Even still, Netflix's international contribution margin continued to improve throughout the year as it brought in significantly more subscriber revenue and spread the cost of its global rights licenses across more regions and subscribers. By the first quarter this year, Netflix international streaming produced a positive contribution margin for the first time ever. It's expected to dip back into negative territory in the second quarter because of the timing of original-series releases, but the upward trend is encouraging.

With the expansion completely behind it, Netflix can focus on managing steady operating margin expansion while still pushing subscriber growth in each region through marketing and continued content investments. The hard work is over. Now it just repeats the same playbook that's driven its success in the U.S., where it boasts a 41.2% contribution margin, and its older successful international markets.

But it's still burning cash

Even though Netflix is starting to produce meaningful operating profits, it's still burning through cash every quarter.

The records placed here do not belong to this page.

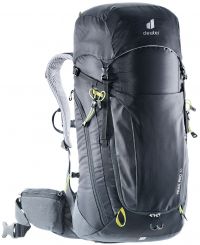 DEUTER TRAIL PRO 36 NOIR Sac de randonnée pas cher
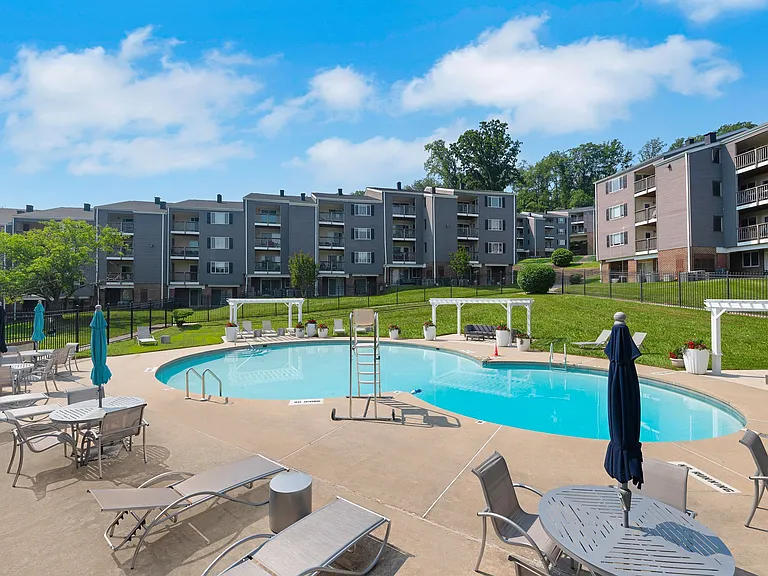 Eagle Rock Apartments at Towson — Photo 13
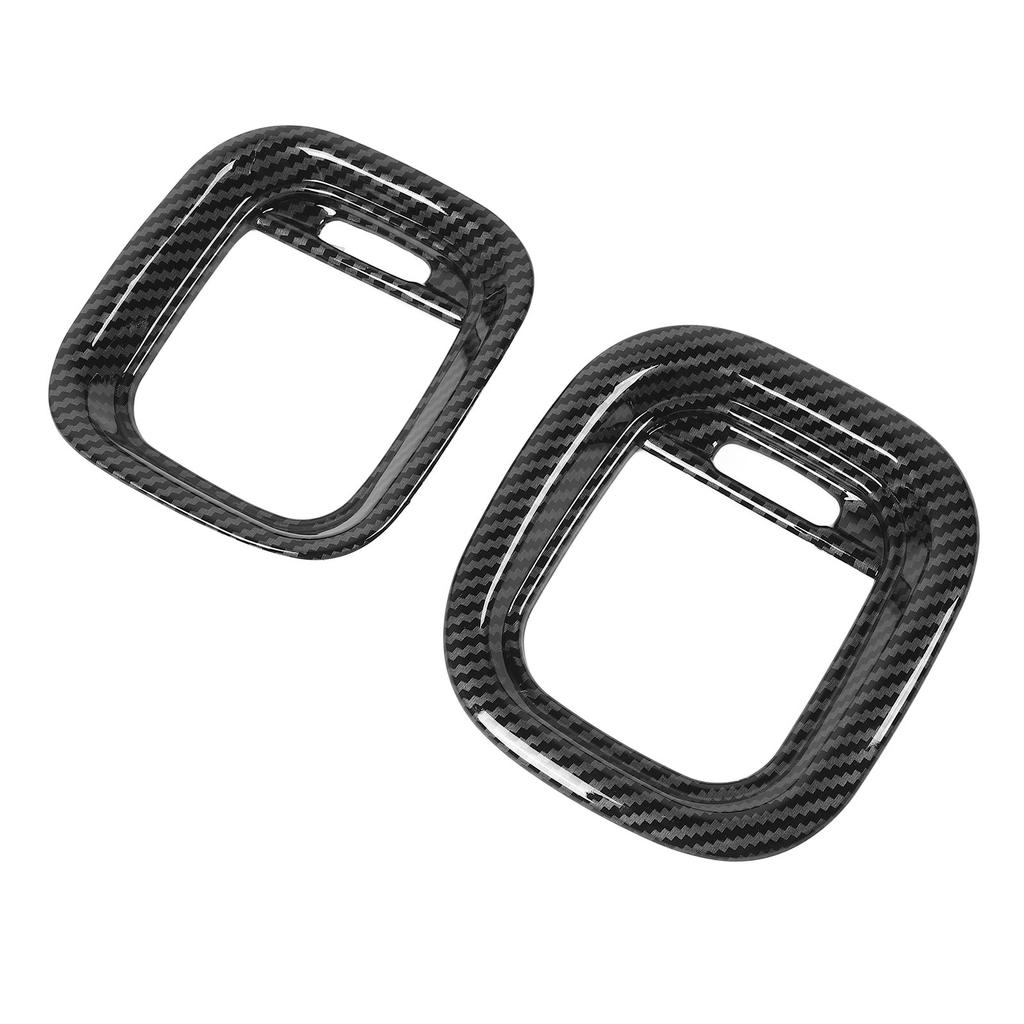 Car Center Console Side   Outlet Cover Dashboard Side   Conditioning   Vent Panel Decoration Frame Replacement For RT   2015 to 2023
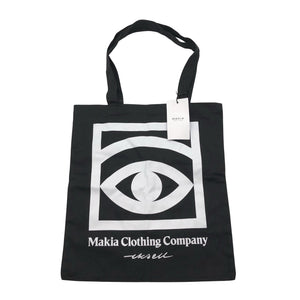 Unisex Makia - Kandekott, suurus Maxi - Must (1)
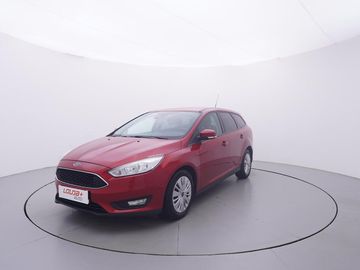 1.5 TDCi 88 kW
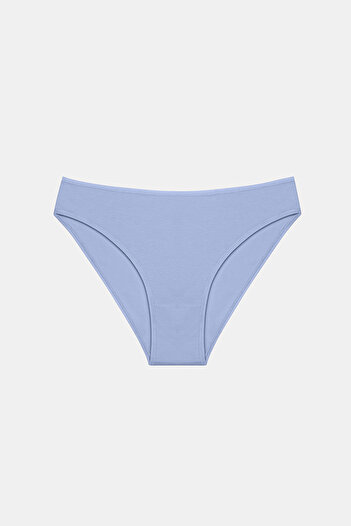 Penti Buchet de flori uscate Chiloți slip 3 piese multicolori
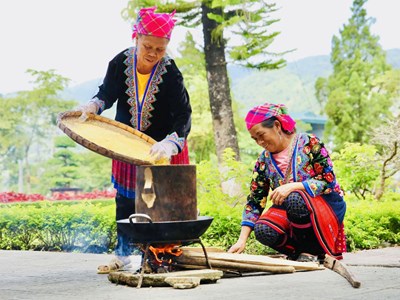 Quảng bá vẻ đẹp vùng đất, con người Lai Châu đến với du khách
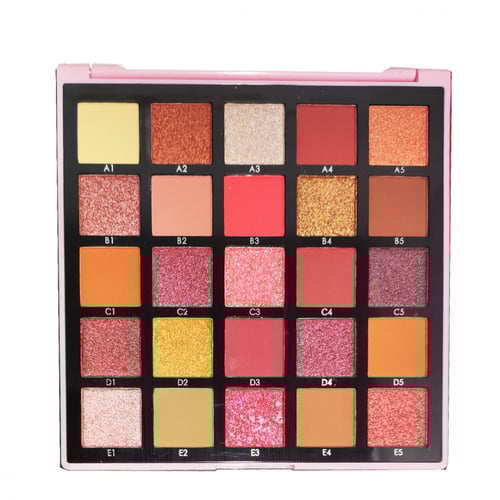 ظل عيون اي شادو كولكشن اتش بي من مودا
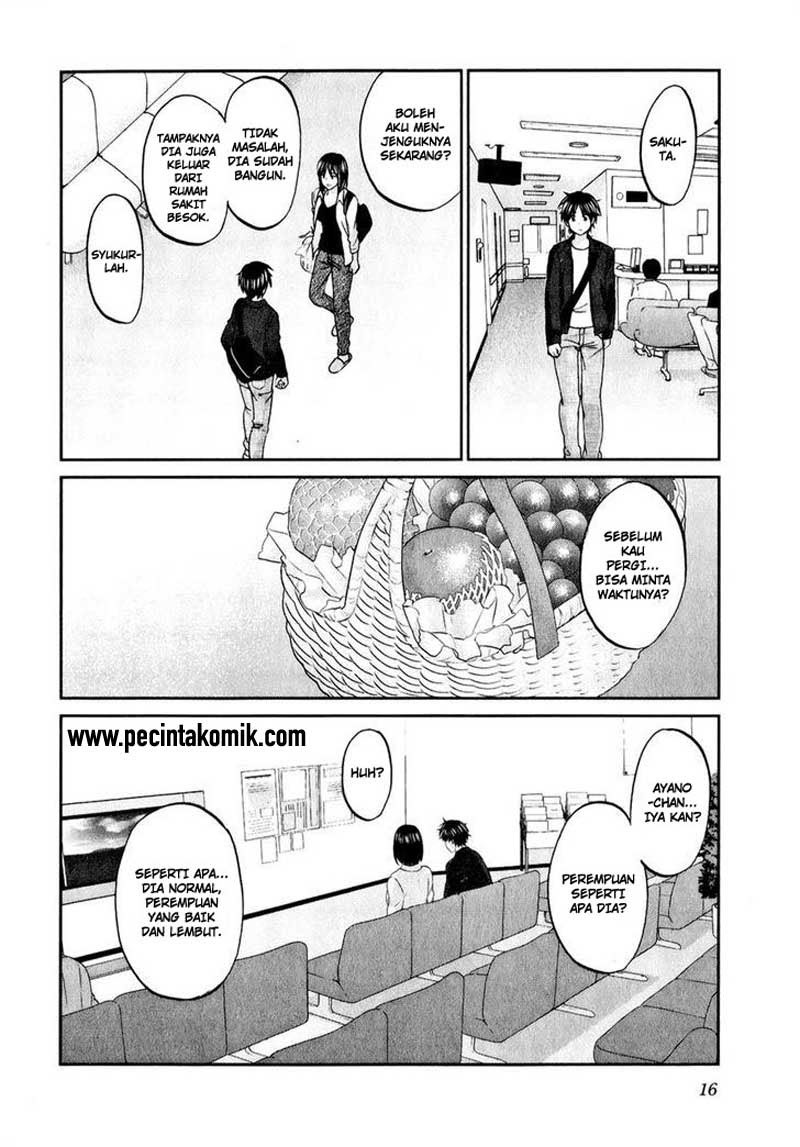 seishun-pop - Chapter: 40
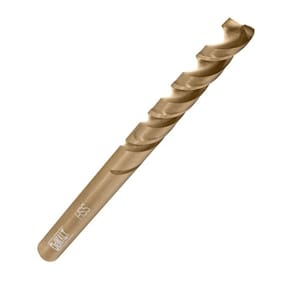 Kit 5 Brocas Aço Rápido 13mm Gold Ferrous DWA30130G DeWalt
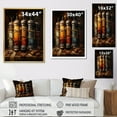 thumbnail image 4 of Designart "Scrolls of the Hebrew Torah" Religion & Spirituality Wall Decor, 4 of 5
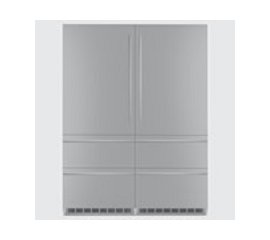 Liebherr 990015700 parte e accessorio per frigoriferi/congelatori Acciaio inossidabile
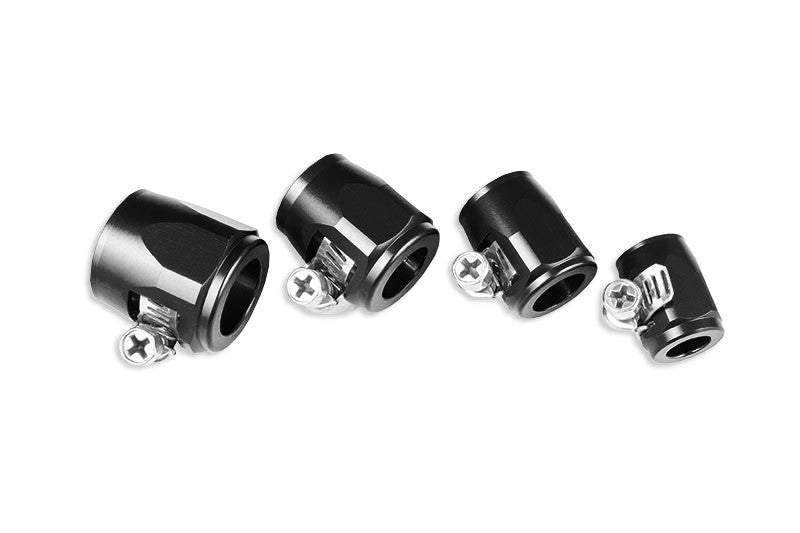 Abrazadera de remate retorcida para manguera de goma AN -10 AN10 20 mm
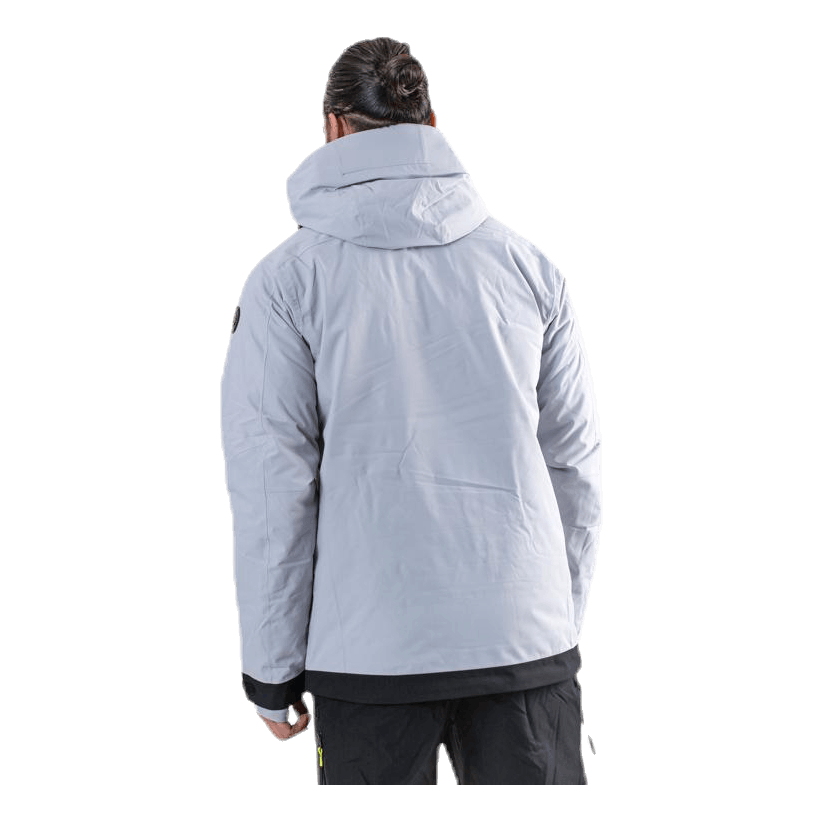 Fairbank Jacket Grey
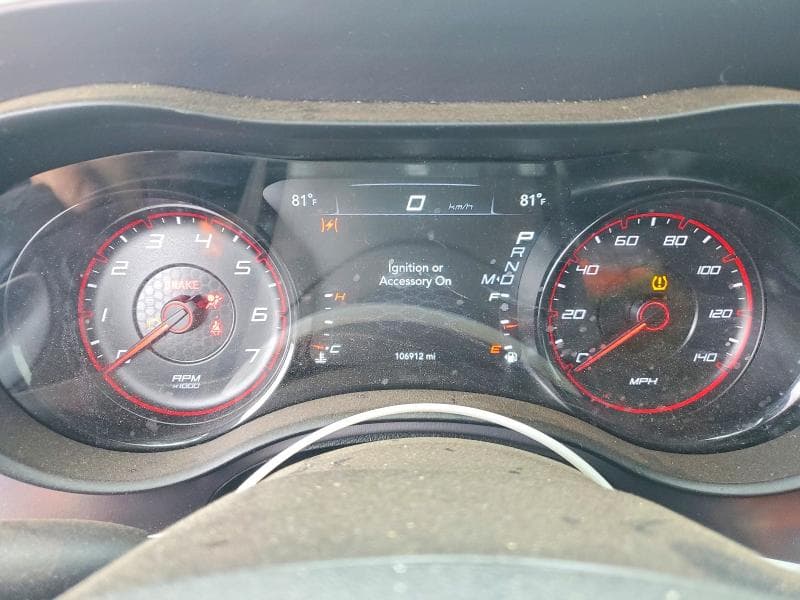 2020 DODGE CHARGER GT 9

Netflix's free cash flow (FCF) was negative $423 million in the first quarter. It's burning more cash than it burned in the first quarter last year -- $261 million. Zooming out, Netflix expects its annual cash burn to increase $300 million to $2 billion.

Back in October, Netflix CFO David Wells said the company needs $1 billion to $1.2 billion each year in cash burn to fund its expanding catalog of originals and licensed series. "I don't see that changing," he noted, indicating thatNetflix will continue burning cash for the foreseeable future.

The tune hasn't changed. "We have a large market opportunity ahead of us, and we're optimizing long-term FCF by growing our original content aggressively," management wrote in its letter to shareholders. "Since we want our operating margins to grow slowly so we can spend enough to quickly grow revenue and original content, we anticipate negative FCF to accompany our rapid growth for many years."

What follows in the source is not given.